Problem requirements> Go to the line below containing "Ромашка в конверте" and print exactly from there through the line containing "Lot 10 handmade", both included. Print nothing else.

Task data>
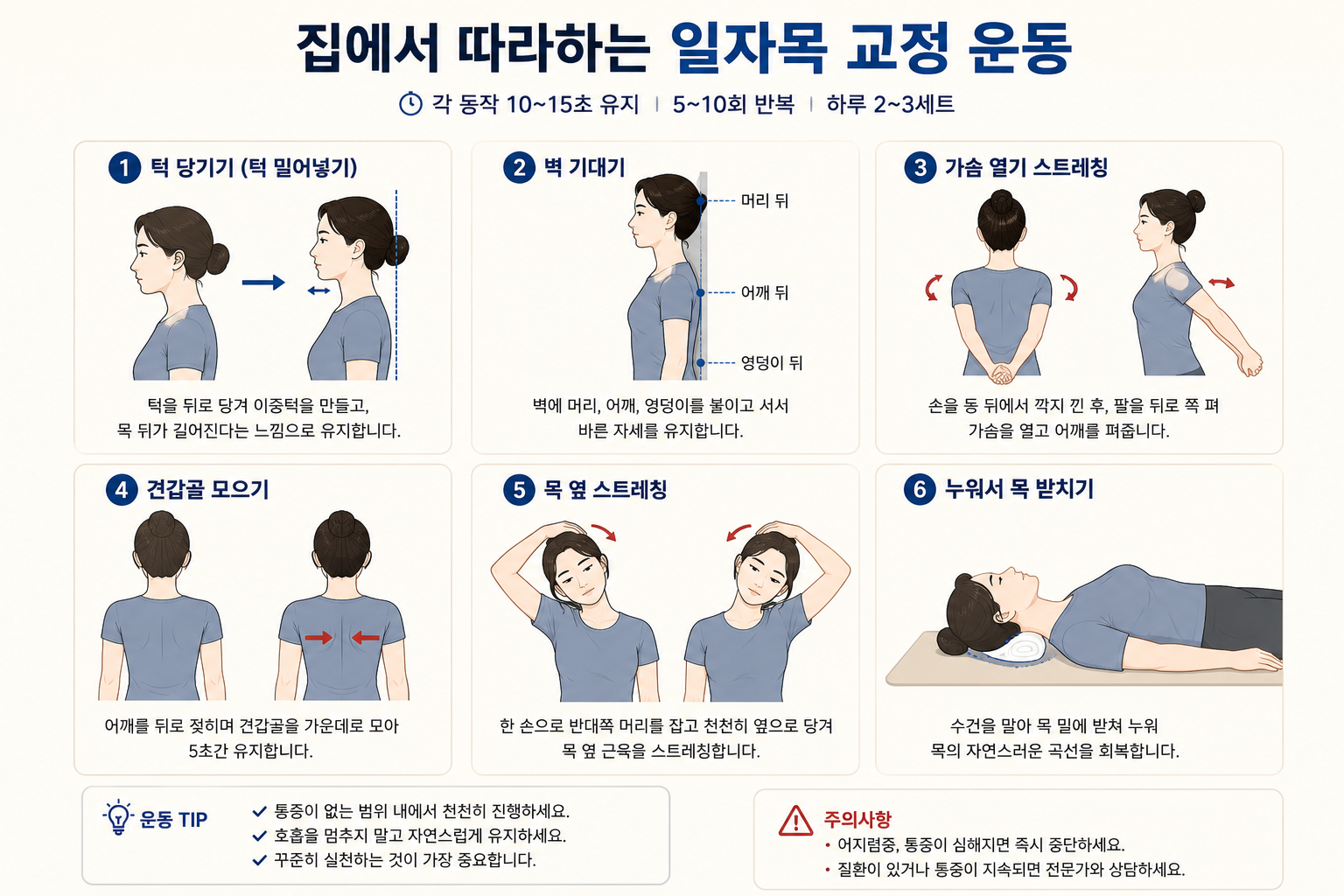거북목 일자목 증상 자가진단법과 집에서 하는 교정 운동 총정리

---

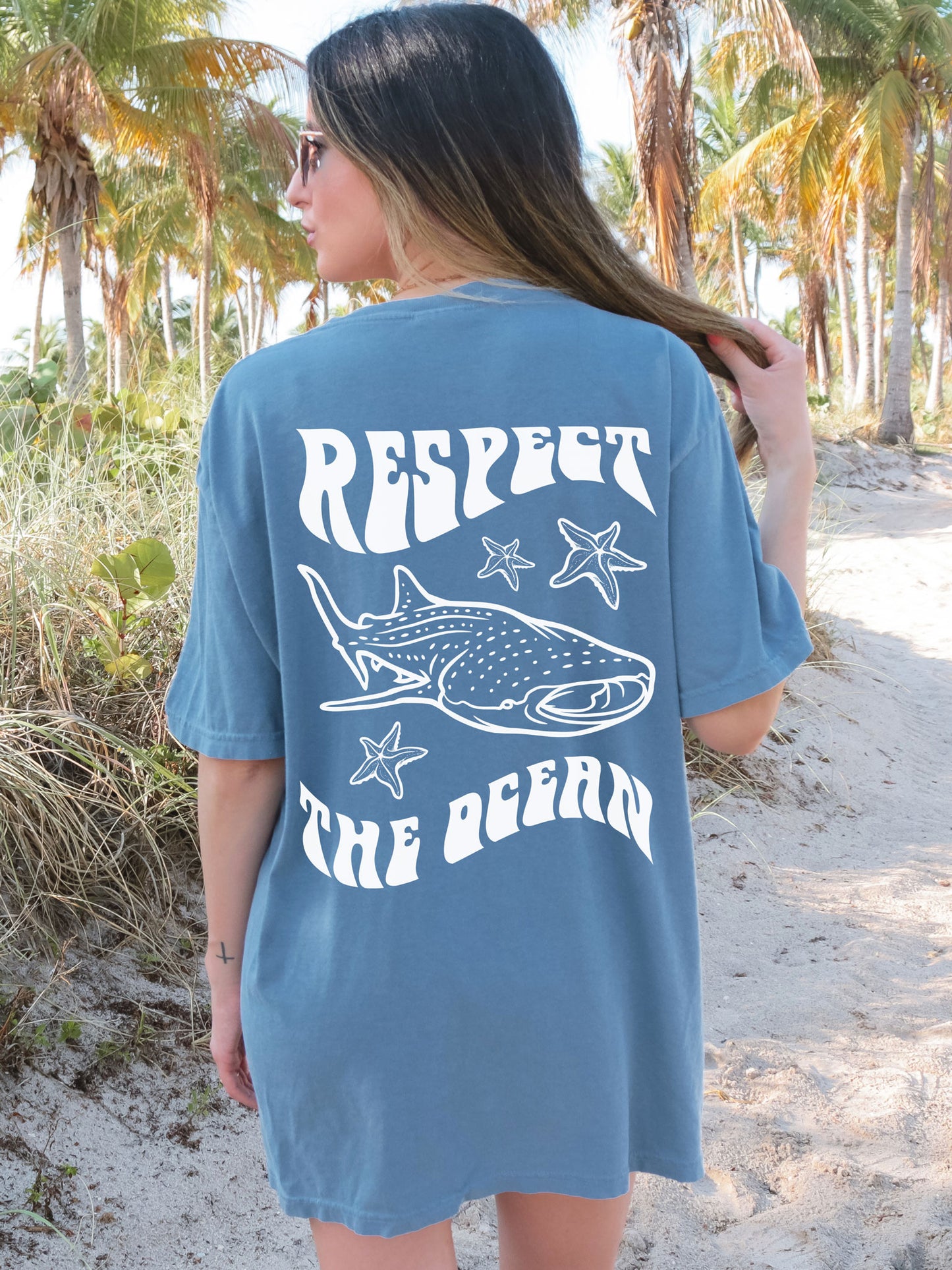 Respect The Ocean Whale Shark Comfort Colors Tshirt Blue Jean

...

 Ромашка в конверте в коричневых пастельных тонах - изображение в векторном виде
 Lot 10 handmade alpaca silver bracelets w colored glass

Solution to the exercise>
 Ромашка в конверте в коричневых пастельных тонах - изображение в векторном виде
 Lot 10 handmade alpaca silver bracelets w colored glass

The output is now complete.